# YOUR TASK:
Nothing but the text of the listing, repeated exactly, belongs in the answer; leave the images out.

# DATA BELOW:
• • •

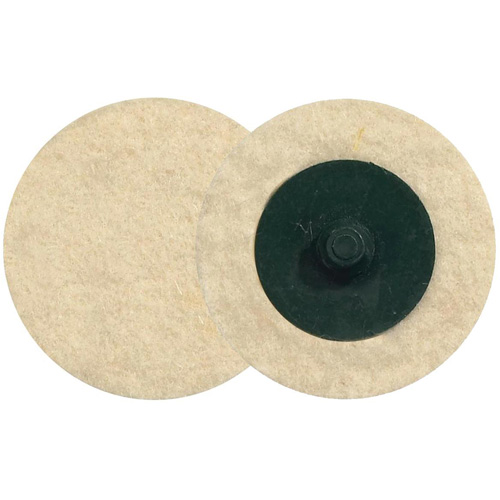 TWIST Felt Disc, 3" Dia. Helyx Safety & Industrial Supplies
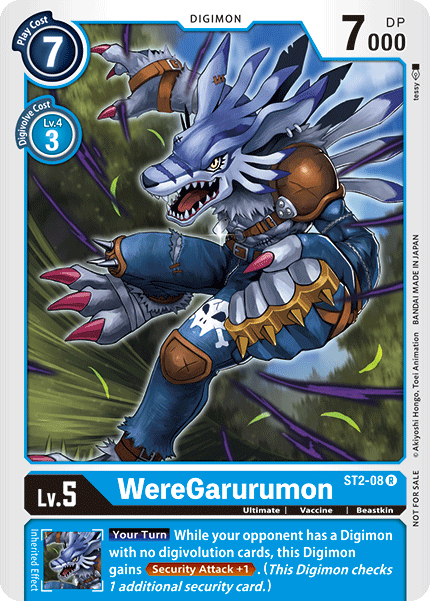 WereGarurumon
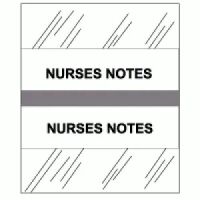 Medical Chart Index Tabs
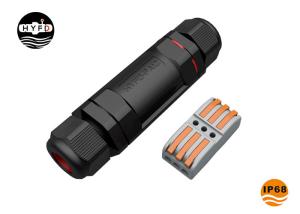 Wholesale 9.5mm Wire Wago Terminal Waterproof Quick Connectors PA66 from china suppliers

• • •

# RESPONSE TO THIS TASK:
 TWIST Felt Disc, 3" Dia. Helyx Safety & Industrial Supplies
 WereGarurumon
 Medical Chart Index Tabs
 Wholesale 9.5mm Wire Wago Terminal Waterproof Quick Connectors PA66 from china suppliers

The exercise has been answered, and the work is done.